Girl Scouts of Western Ohio, which serve 32 counties up and down the I-75 corridor, have a strong response to the recent name change at the Boys Scouts of America.
“We’re interested to hear that Boy Scouts has slightly altered its name and invested in a new brand identity—but what we really want to know more about is the programming,” said Katelyn Scott, communications and marketing team lead, for the Girl Scouts of Western Ohio. “Have they invested in creating uniquely effective programming for girls? Because at Girl Scouts, for the past century we’ve been acutely focused on dispelling gender stereotypes and creating a space exclusively for girls to learn and grow—a ‘room of one’s own’ for them, so to speak.”
The BSA announced in October its intention to allow girls to join the Cub Scouts and earn the rank of Eagle Scout for the first time in the group’s history. On Wednesday the organization made it official that it was dropping the “boy” from Boy Scouts.
In a written statement BSA said “dropping the boy” in Scouts will allow boys or girls to simply identify themselves as scouts without referring to gender. The group will become Scouts BSA starting in February 2019.

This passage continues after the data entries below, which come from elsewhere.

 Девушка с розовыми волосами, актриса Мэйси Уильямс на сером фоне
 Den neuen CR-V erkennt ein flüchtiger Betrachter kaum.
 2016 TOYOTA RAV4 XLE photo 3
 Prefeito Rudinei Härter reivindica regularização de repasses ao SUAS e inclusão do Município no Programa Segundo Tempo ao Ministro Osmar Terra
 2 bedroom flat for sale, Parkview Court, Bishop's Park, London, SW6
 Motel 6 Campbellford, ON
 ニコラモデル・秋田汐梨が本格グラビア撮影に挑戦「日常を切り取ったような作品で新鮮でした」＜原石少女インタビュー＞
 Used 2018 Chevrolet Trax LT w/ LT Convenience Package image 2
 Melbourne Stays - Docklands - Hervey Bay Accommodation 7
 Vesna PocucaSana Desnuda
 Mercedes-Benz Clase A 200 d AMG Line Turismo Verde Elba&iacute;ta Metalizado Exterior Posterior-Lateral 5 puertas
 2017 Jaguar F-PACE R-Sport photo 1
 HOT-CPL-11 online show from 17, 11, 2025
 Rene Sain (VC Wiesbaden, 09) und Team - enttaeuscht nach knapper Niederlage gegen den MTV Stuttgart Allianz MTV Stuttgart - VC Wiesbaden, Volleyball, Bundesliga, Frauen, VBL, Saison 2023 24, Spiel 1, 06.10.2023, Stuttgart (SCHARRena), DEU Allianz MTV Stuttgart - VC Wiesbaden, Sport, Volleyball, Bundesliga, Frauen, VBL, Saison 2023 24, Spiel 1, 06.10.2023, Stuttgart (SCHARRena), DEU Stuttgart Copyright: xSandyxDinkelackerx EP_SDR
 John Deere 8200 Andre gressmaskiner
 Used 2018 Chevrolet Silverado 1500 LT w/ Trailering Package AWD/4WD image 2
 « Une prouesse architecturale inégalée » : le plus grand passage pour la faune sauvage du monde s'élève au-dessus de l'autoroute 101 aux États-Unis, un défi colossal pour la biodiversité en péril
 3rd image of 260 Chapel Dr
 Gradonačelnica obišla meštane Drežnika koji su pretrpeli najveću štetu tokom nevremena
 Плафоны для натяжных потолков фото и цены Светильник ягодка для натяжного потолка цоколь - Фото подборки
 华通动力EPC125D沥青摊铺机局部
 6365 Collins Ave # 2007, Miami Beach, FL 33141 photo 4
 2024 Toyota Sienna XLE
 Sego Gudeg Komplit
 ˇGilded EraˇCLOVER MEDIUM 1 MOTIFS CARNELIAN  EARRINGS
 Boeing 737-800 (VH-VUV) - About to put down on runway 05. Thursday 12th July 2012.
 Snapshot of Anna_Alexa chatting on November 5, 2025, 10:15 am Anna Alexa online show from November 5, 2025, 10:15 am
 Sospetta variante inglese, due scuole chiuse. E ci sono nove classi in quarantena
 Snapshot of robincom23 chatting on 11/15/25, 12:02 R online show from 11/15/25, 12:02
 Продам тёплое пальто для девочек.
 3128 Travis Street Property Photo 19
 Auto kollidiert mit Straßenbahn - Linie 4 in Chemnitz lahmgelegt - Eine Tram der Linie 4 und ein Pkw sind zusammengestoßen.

“As we enter a new era for our organization, it is important that all youth can see themselves in Scouting in every way possible. That is why it is important that the name for our Scouting program for older youth remain consistent with the single name approach used for the Cub Scouts,” Michael Surbaugh, Chief Scout Executive of the BSA noted in the statement. “Starting in February 2019, the name of the older youth program will be ‘Scouts BSA,’ and the name of our iconic organization will continue to be Boy Scouts of America.”
Scott said that the Girls Scouts “are determined as ever to stay on this path (creating spaces for girls), so that more girls, through Girl Scouting, gain confidence, seek challenges, and become active decision-makers and proficient problem-solvers to the greatest degree possible—and frankly, are better equipped to navigate a world that is still, regrettably, a ‘man’s world.’”
Girl Scouts are deploying a long-term, agile growth strategy to provide girls with what they need more effectively than any other organization in a changing, competitive marketplace, Scott said.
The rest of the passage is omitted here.